To do:
Set down the data below from its first line to the line holding "A 3x5 rectangular", inclusive; omit all pictures.

[Scraped caption text data]

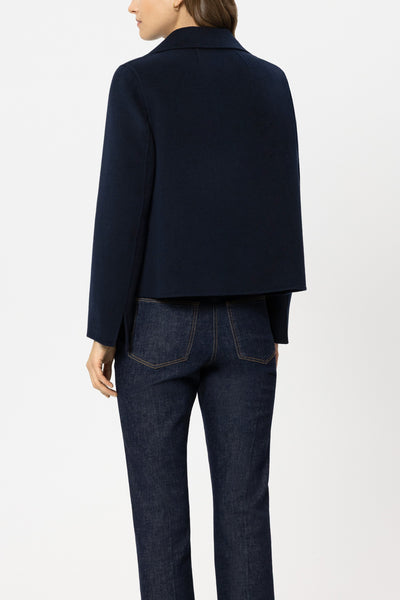 Double-Face Short Pea Coat in Wool/Cashmere Blend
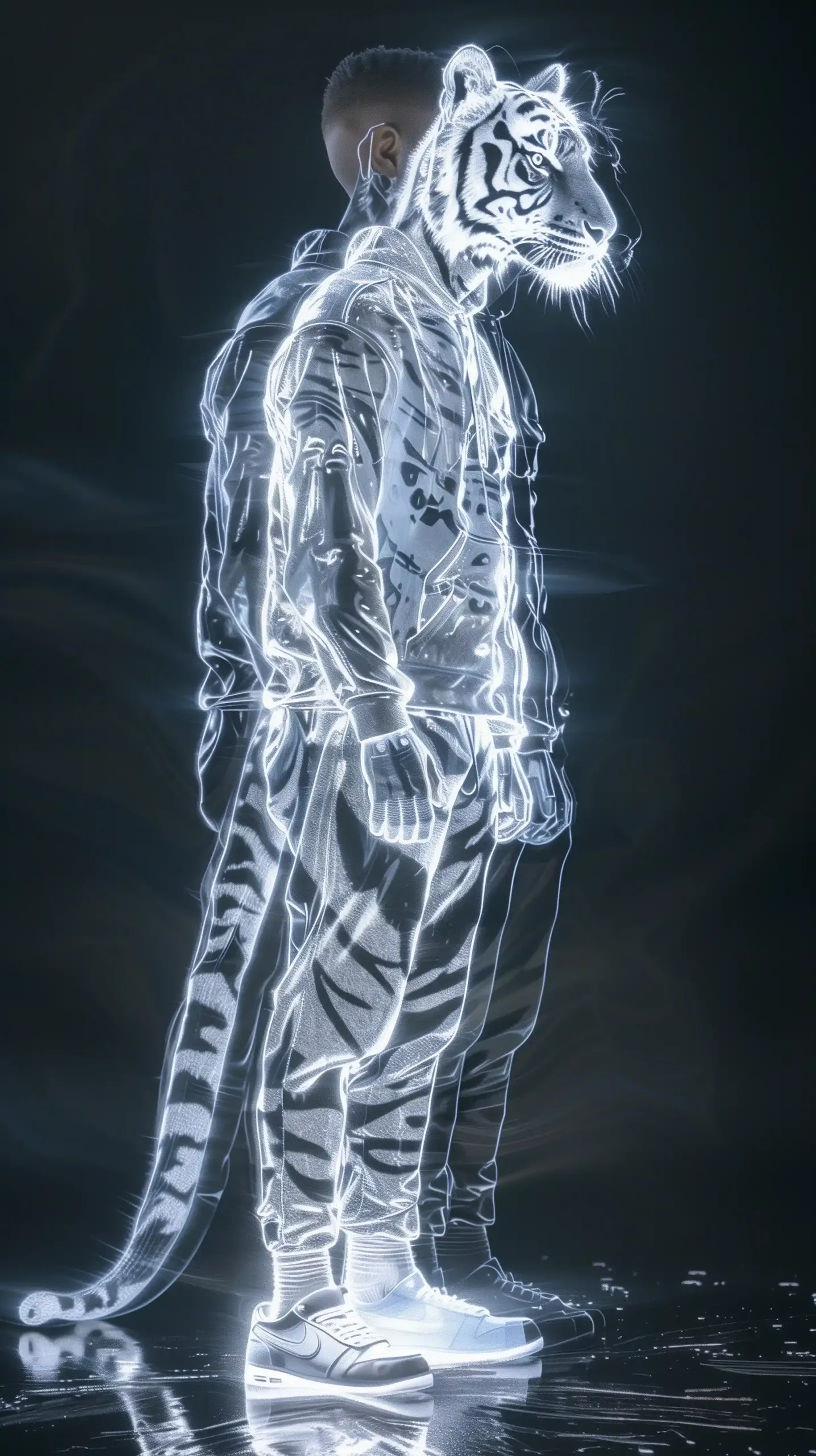 Tiger Outline in Cyberpunk Midjourney提示词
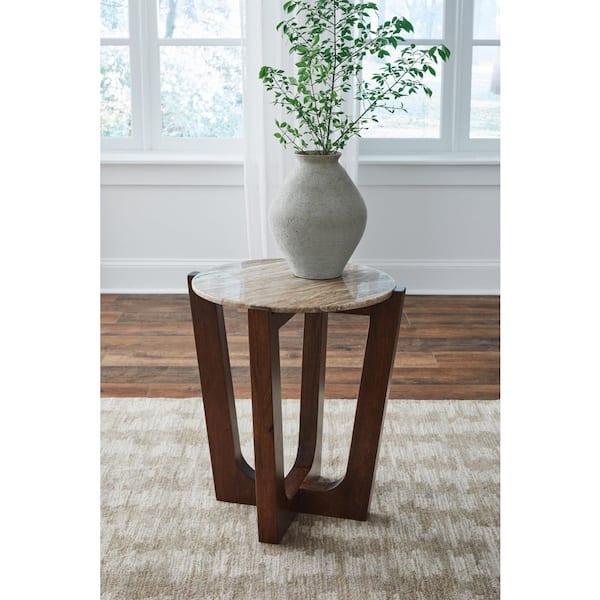Signature Design By Ashley Tanidore 22 in. Brown Round Marble End Table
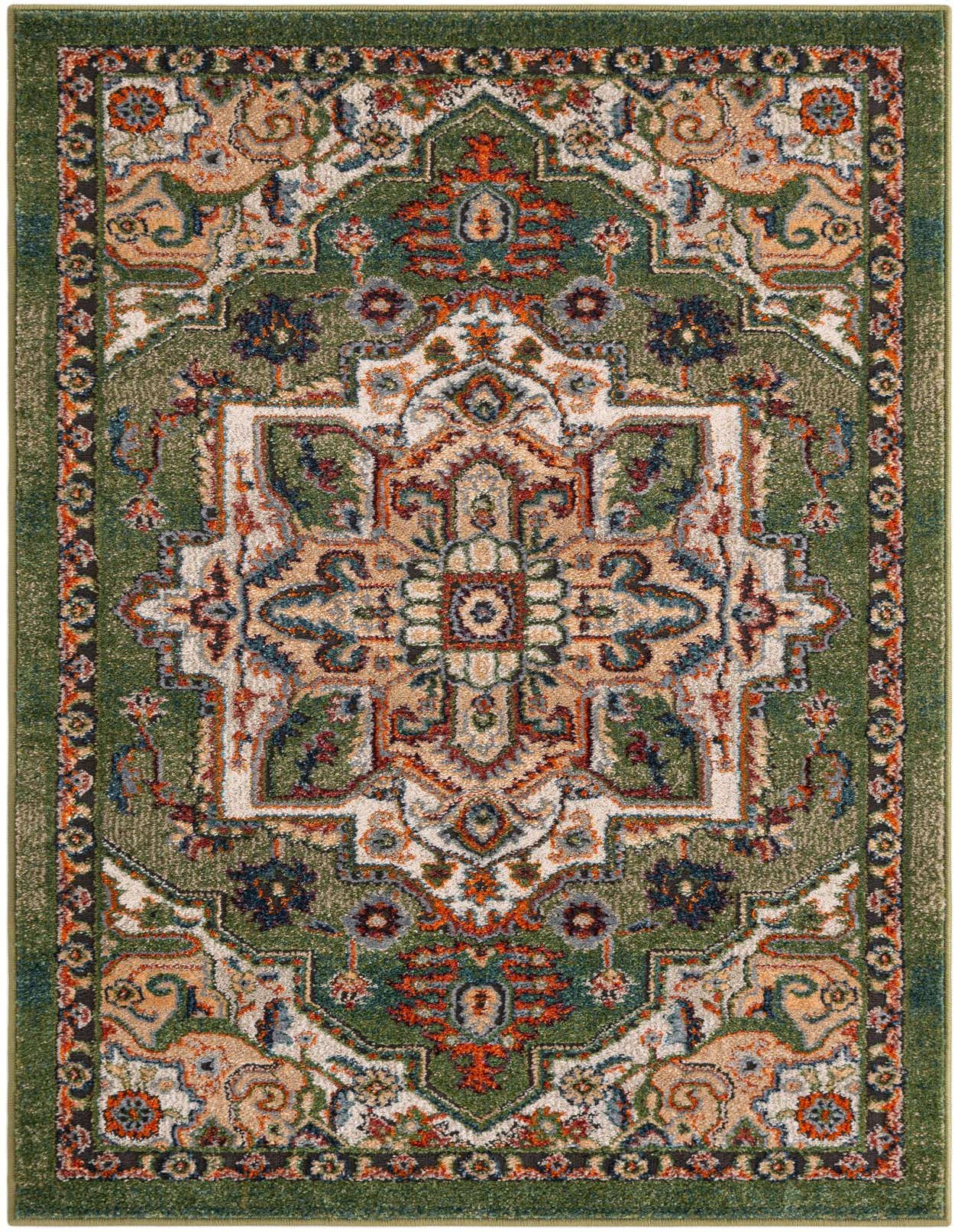 A 3x5 rectangular Isabella rug by Rugs.com with a traditional medallion pattern in shades of green, rust, beige, and blue.
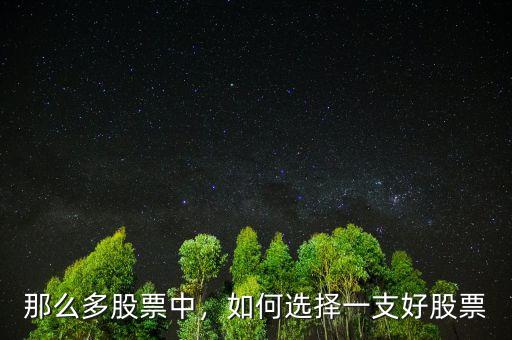 那么多股票中，如何選擇一支好股票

The answer:
 Double-Face Short Pea Coat in Wool/Cashmere Blend
 Tiger Outline in Cyberpunk Midjourney提示词
Signature Design By Ashley Tanidore 22 in. Brown Round Marble End Table
 A 3x5 rectangular Isabella rug by Rugs.com with a traditional medallion pattern in shades of green, rust, beige, and blue.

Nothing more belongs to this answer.